=== Materials provided ===

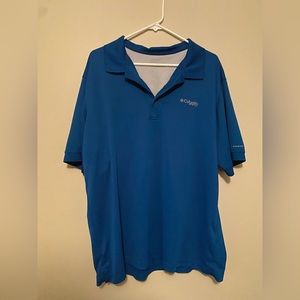 XXL Columbia PFG Blue Polo
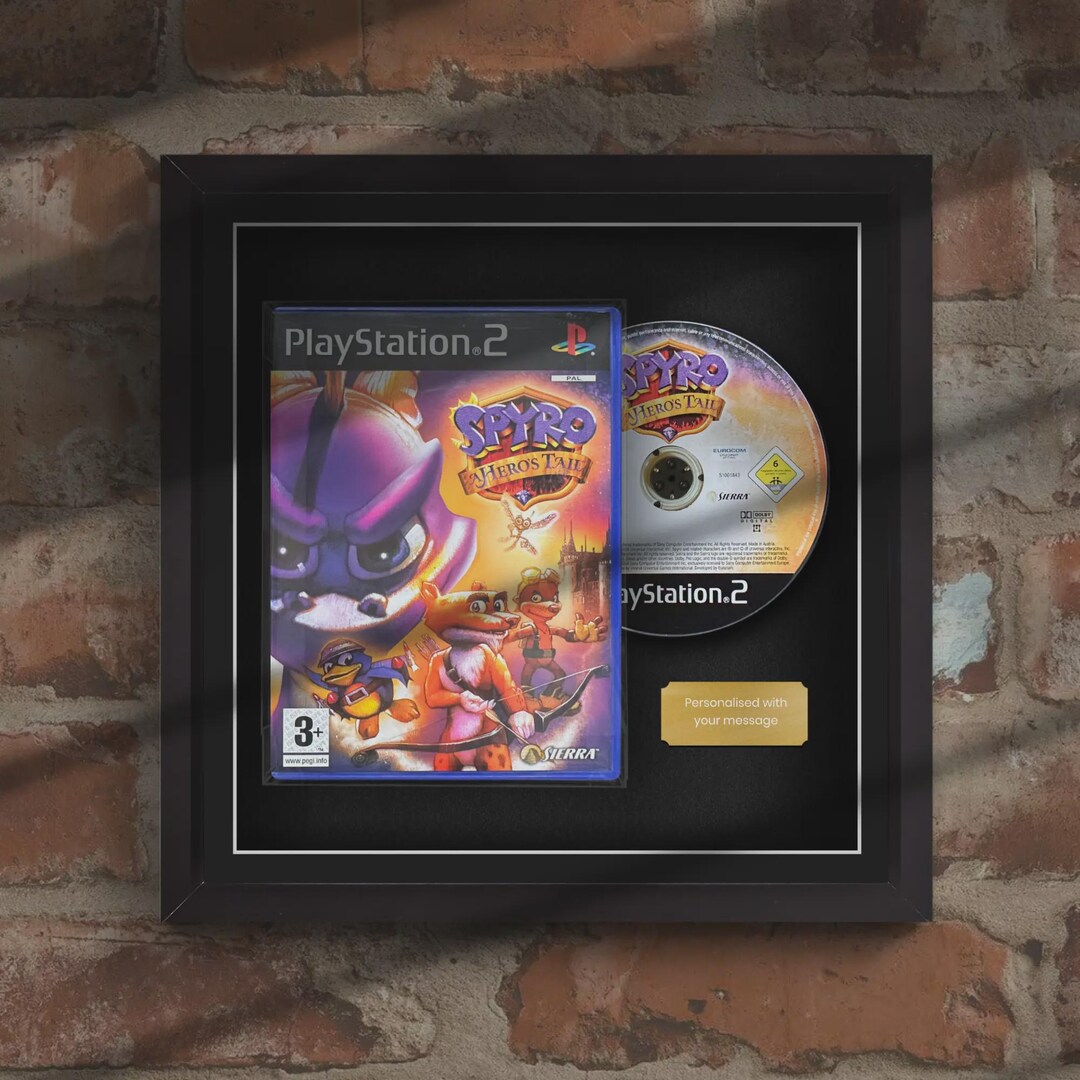 MAGNETIC Playstation 2 Video Game Display Frame | Framed Gift | Gaming ...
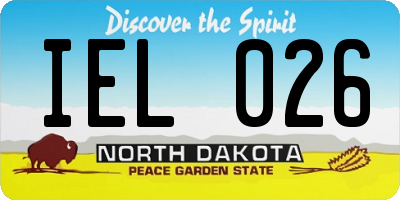 ND license plate IEL026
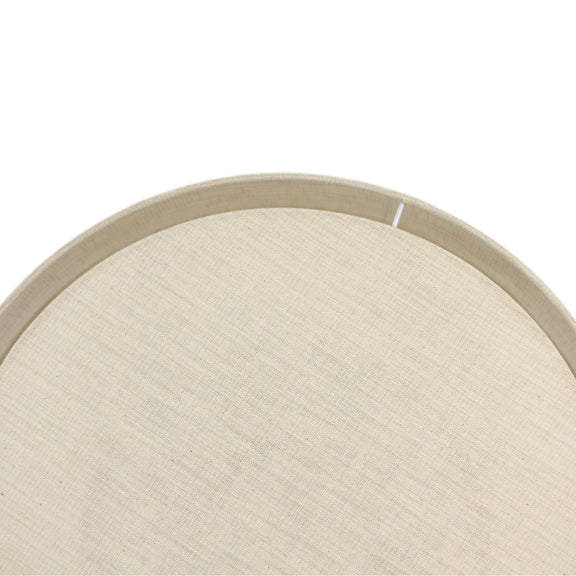 Linea Flush Mount Light White & Linen
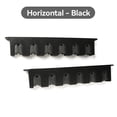 thumbnail image 3 of Graflsoa Wall-Mounted Horizontal Fishing Rod Holder - Black, Holds 6 Rods, Easy Installation with Screws, Durable EVA Material, Compact Size 35x6cm, 3 of 6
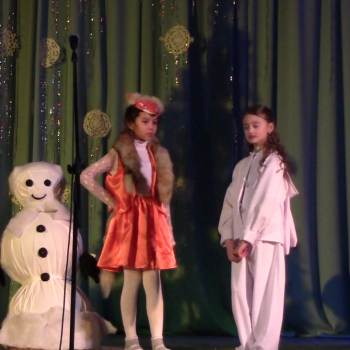 Новогодний детский спектакль « Лекарство от жадности» 2022г.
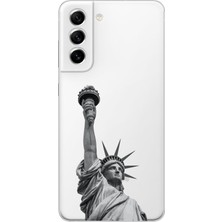 Moonset Samsung Galaxy S22 Uyumlu Baskılı Yumuşak Silikon Şeffaf Telefon Kılıfı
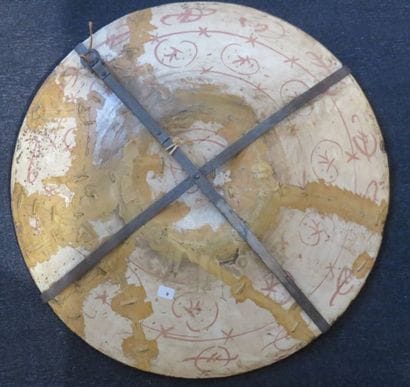 ESPAGNE, MANISES
Grand plat rond décoré au...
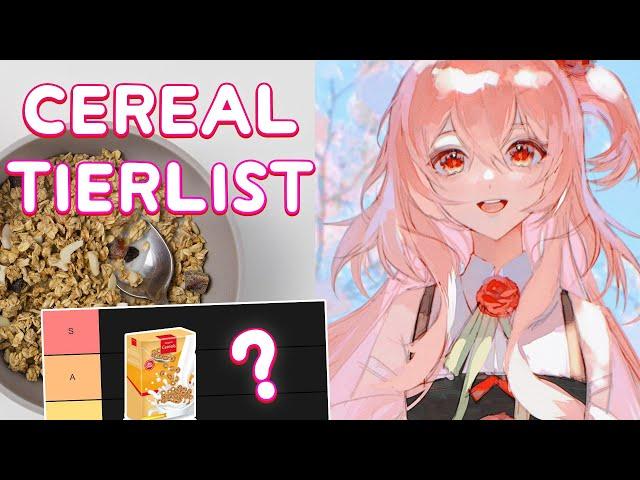 MAKING A CEREAL TIERLIST 【Handcam】【NIJISANJI EN | Rosemi Lovelock】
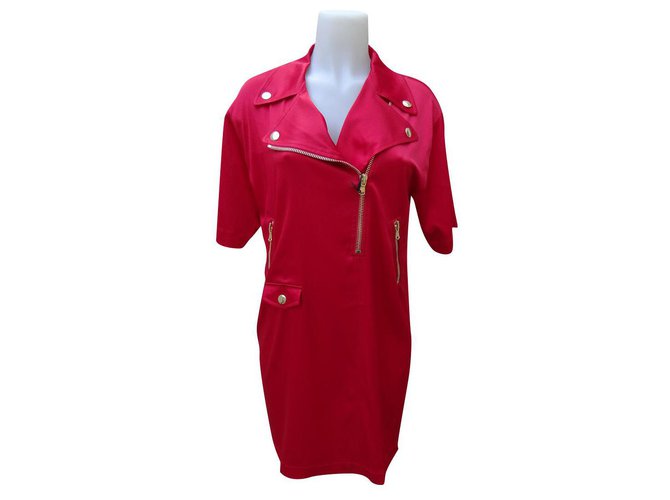 Moschino Dresses Red Rayon Acetate  ref.210910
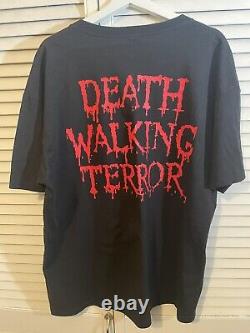 Vintage Cannibal Corpse Death Walking Terror SIGNED XL T Shirt 2007 Metal RARE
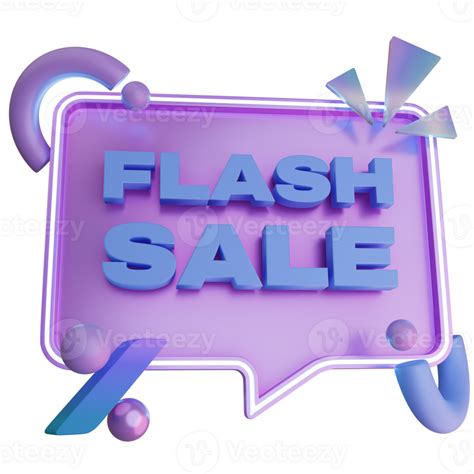 3d Flash Sale For Advertising With High Quality Render 23661232 Png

===

• _Task brief_
All lines from the line with "MAGNETIC Playstation 2" through the final line of the data, both included, are to be repeated exactly; no other lines and no pictures.

• _Reply to the exercise_
 MAGNETIC Playstation 2 Video Game Display Frame | Framed Gift | Gaming ...
 ND license plate IEL026
 Linea Flush Mount Light White & Linen
 thumbnail image 3 of Graflsoa Wall-Mounted Horizontal Fishing Rod Holder - Black, Holds 6 Rods, Easy Installation with Screws, Durable EVA Material, Compact Size 35x6cm, 3 of 6
 Новогодний детский спектакль « Лекарство от жадности» 2022г.
 Moonset Samsung Galaxy S22 Uyumlu Baskılı Yumuşak Silikon Şeffaf Telefon Kılıfı
 ESPAGNE, MANISES
Grand plat rond décoré au...
 MAKING A CEREAL TIERLIST 【Handcam】【NIJISANJI EN | Rosemi Lovelock】
 Moschino Dresses Red Rayon Acetate  ref.210910
 Vintage Cannibal Corpse Death Walking Terror SIGNED XL T Shirt 2007 Metal RARE
 3d Flash Sale For Advertising With High Quality Render 23661232 Png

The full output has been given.